17O(p,α) proposal: detector positions and efficiency

These are just relkin calculations for 3.3 MeV 17O on a 4.5 Torr H gas target. I make the energy loss over 1 cm of target to be 13 keV. I did the kinematics for the reaction and the elastic scattering at the beginning and end of that range (i.e. 3.3 MeV at 0 cm, 3.287 MeV at 1 cm). The figures are
1. an e vs theta plot: the particle energies (neglecting energy loss/straggling of products in target and in dead layers) vs the real god-given particle angles (again obviously neglecting angular straggling in the target). The lines for the same reaction at the two positions lie practically on top of each other.
2. an e vs S2 position plot.

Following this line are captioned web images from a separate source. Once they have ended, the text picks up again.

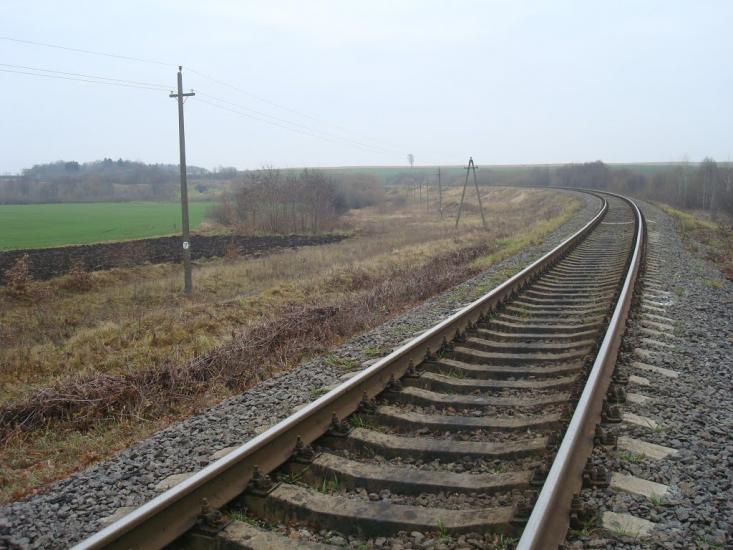 Радісне з panoramio.com - Радостное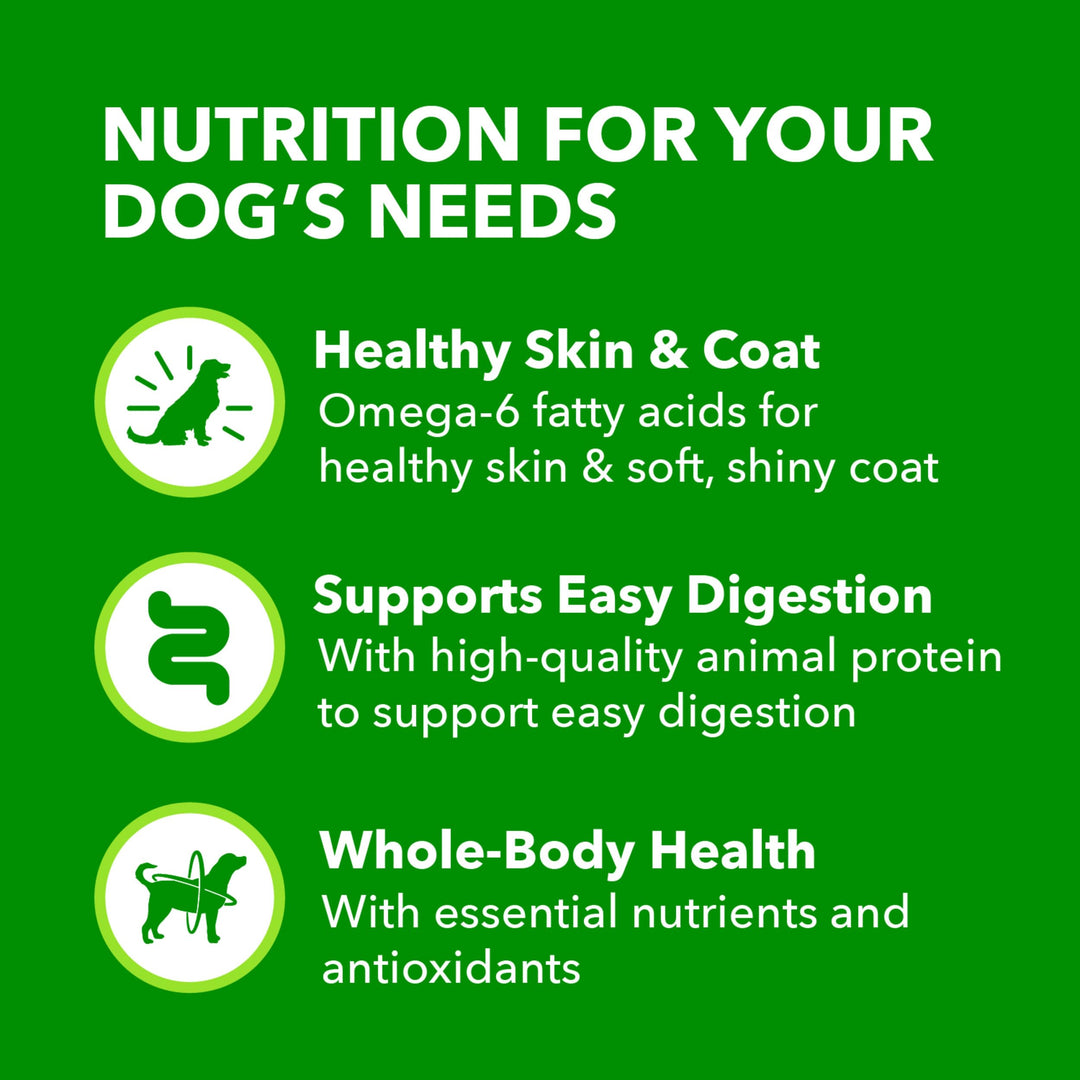 IAMS Proactive Health Ground Wet Dog Food, Chicken, 13 oz, 12 Pack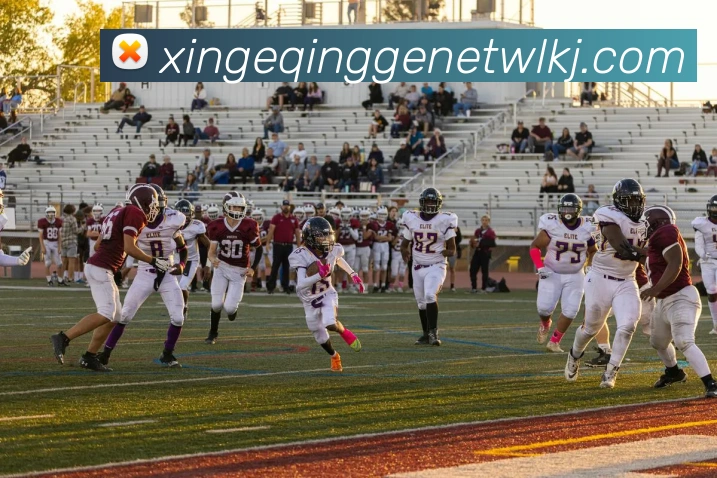 乐球直播免费观看高清版APP 体育赛事宣传图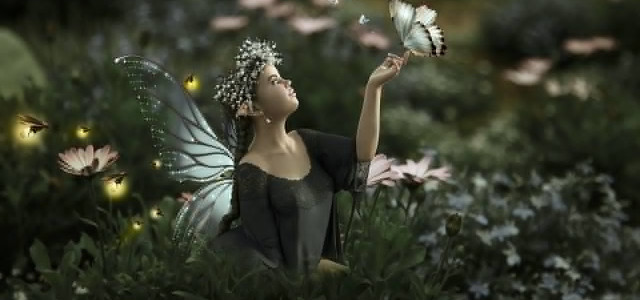 Alla scoperta del Bosco Incantato di Sefro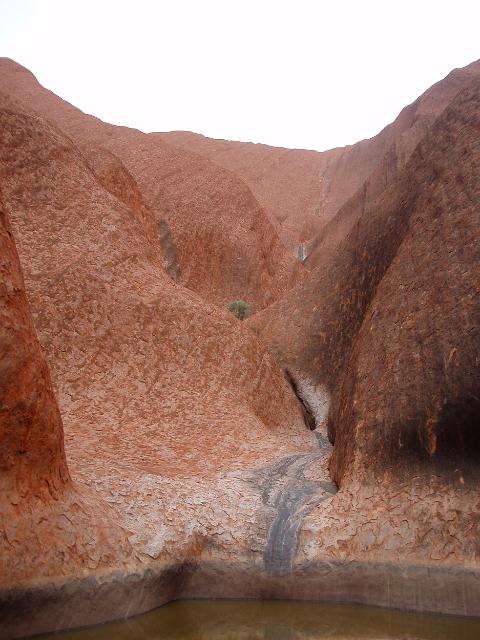 waterhole at the base of uluru - ayres rock
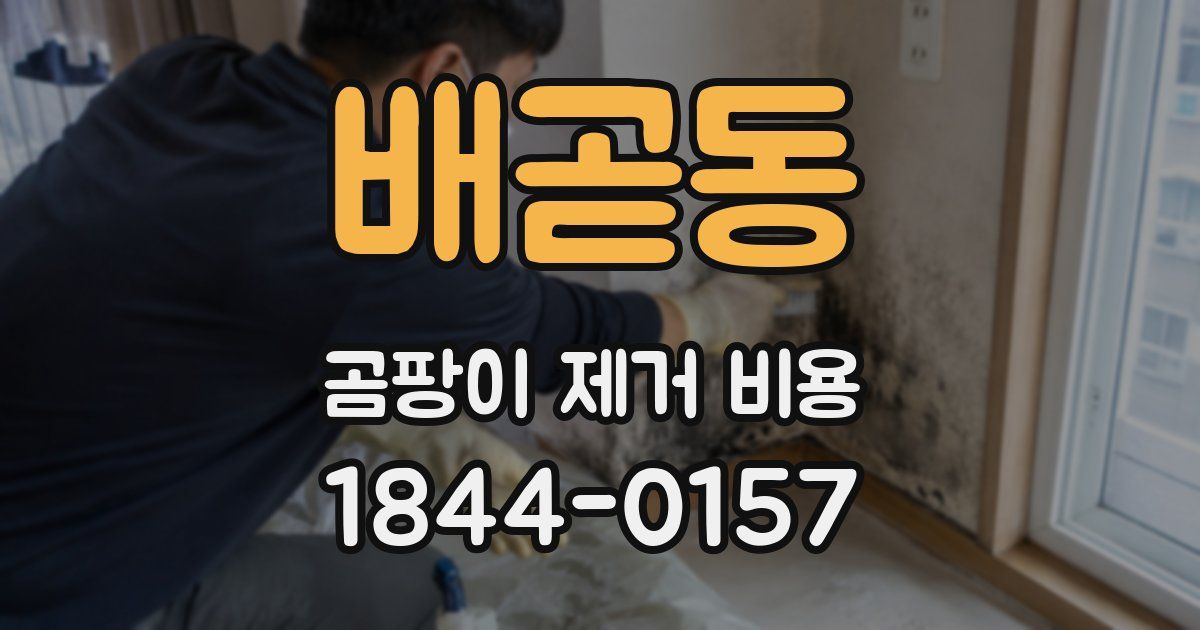 배곧동 곰팡이 제거 비용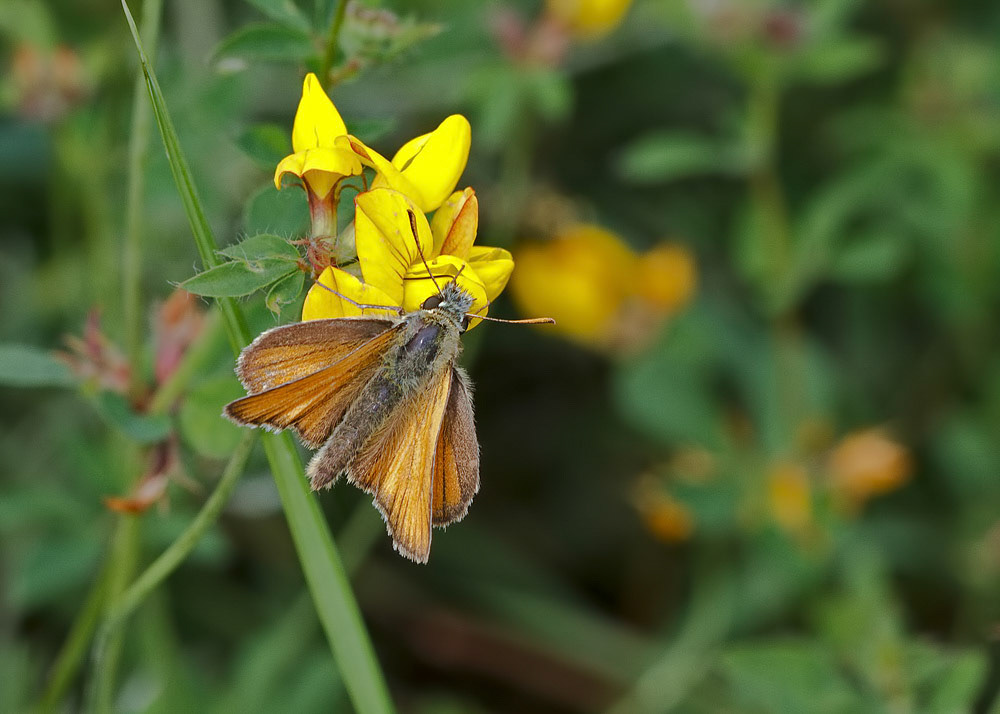 Small Skipper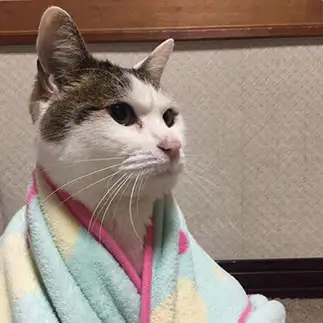 背筋が伸びすぎるネコ　　吉田百里さん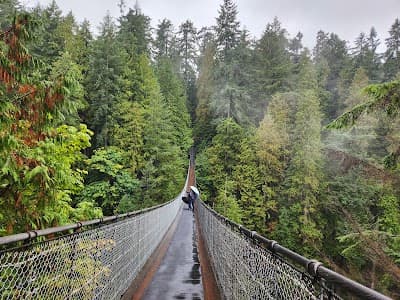 Capilano Suspension Bridge Park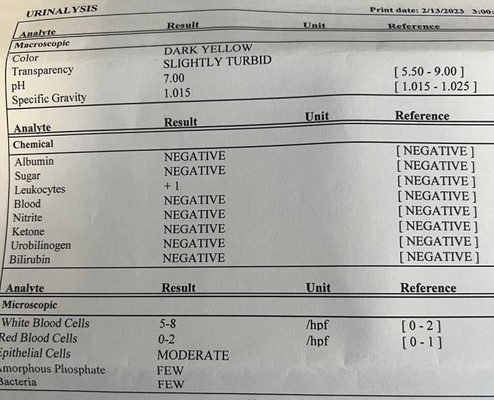 urinalysis result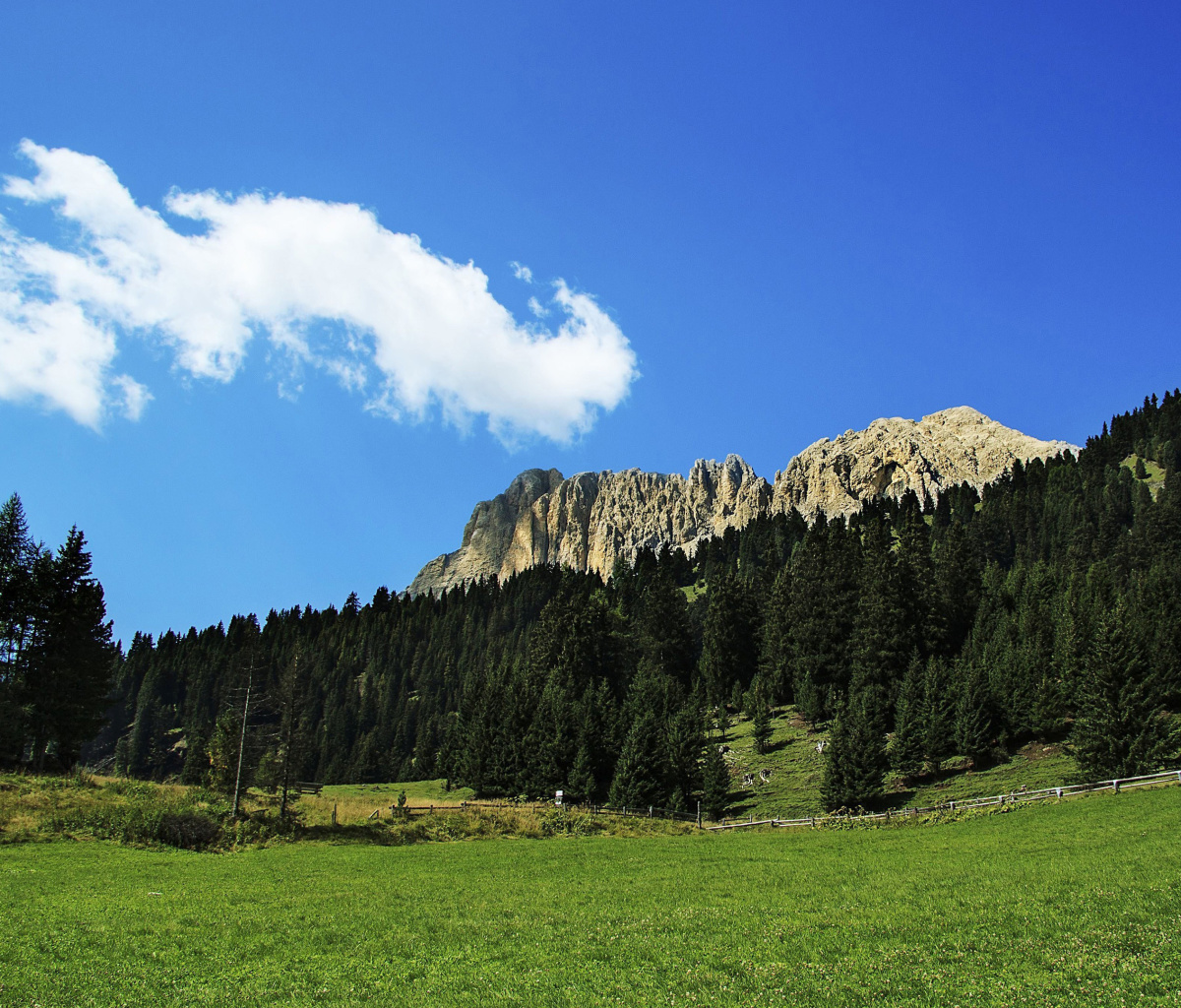 Fondo de pantalla Summer Day in Forest Mountains 1200x1024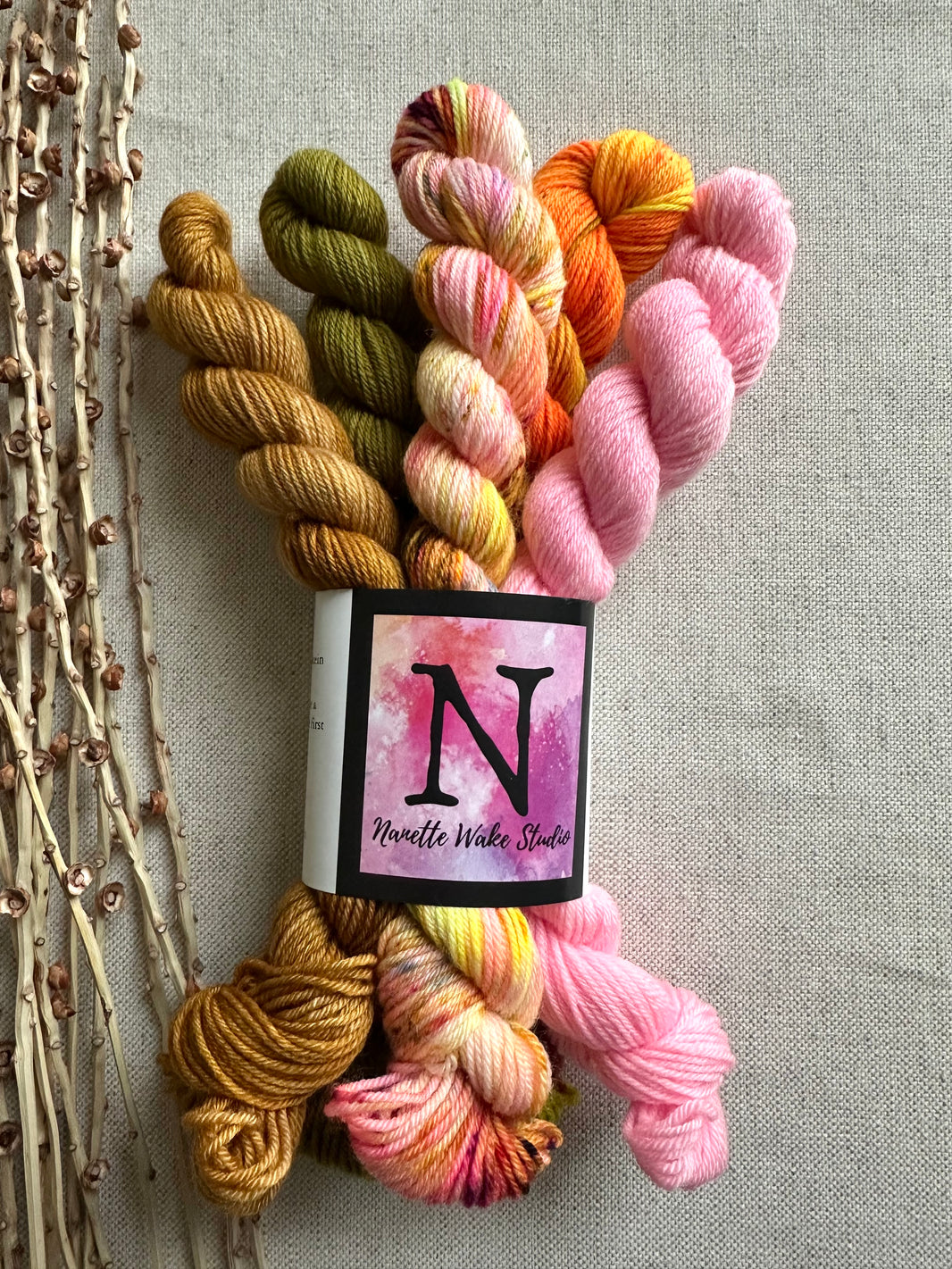We'll Sing in the Sunshine - SW Merino Nylon Mini Skein Set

I put an S2 at 91 mm downstream from the 0 cm position, and calculated the radial position of the particles on it, if they hit it. (The position was chosen to maximize the number of 14N we catch: we throw away about 25% of the small-angle 14N with this position, but we'd have to throw away 5% anyway, and it may turn out that this is the optimal position.)
3. an e vs "barrel" position plot. I put a cylindrical barrel of arbitrary length at a radial distance of 40 mm from the beam line, with a starting position somewhere near the S2 (position increases upstream in this plot, so something going off from 0 cm at 90' would be at ~100 mm on the barrel).

Next step: figure out what this means: by detecting the alpha and 14N in some sort of configuration like this, can we deduce the centre of mass energy?

Comment from Tom: putting an S2 inside the dragon gas cell would indeed involve making a new target box. (We're cunning like that.)

A note on efficiency: with an S2 positioned as indicated, we catch 75% of the 14N from the reaction at the 0 cm position. With a 10 cm long cylindrical barrel detector, we catch 82% of the alphas, with an additional 10% going into the S2. The total efficiency is then about 71%. If the barrel detector has less than 100% coverage over its angular range, the efficiency will be decreased by a corresponding amount--for example 50% coverage (like we might get with two rectangular detectors if we were very cunning) leads to 35% total efficiency, whereas with four we might get about 60% total efficiency.

A further note on the figures: the ones I've just uploaded include the effects of reactions at 5 cm as well as at 0 and 1 cm--just to see.